In the listing below, the lines starting with the line with "PL_1_439_II_003_0373" and going on through the line with "myntra.com KALINI Ethnic" are to be reproduced exactly, and only those.

▶ Material for this exercise:
Start of Block
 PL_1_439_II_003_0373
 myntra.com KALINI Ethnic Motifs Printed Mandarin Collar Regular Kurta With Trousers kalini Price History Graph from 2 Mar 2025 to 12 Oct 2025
End of Block
Start of Block
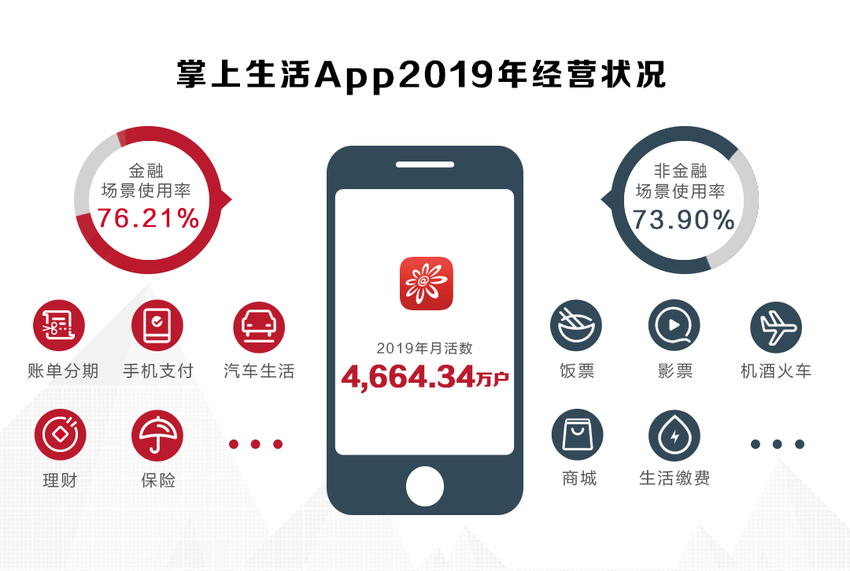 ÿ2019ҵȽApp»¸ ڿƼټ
End of Block
▶ Output for this task:
 PL_1_439_II_003_0373
 myntra.com KALINI Ethnic Motifs Printed Mandarin Collar Regular Kurta With Trousers kalini Price History Graph from 2 Mar 2025 to 12 Oct 2025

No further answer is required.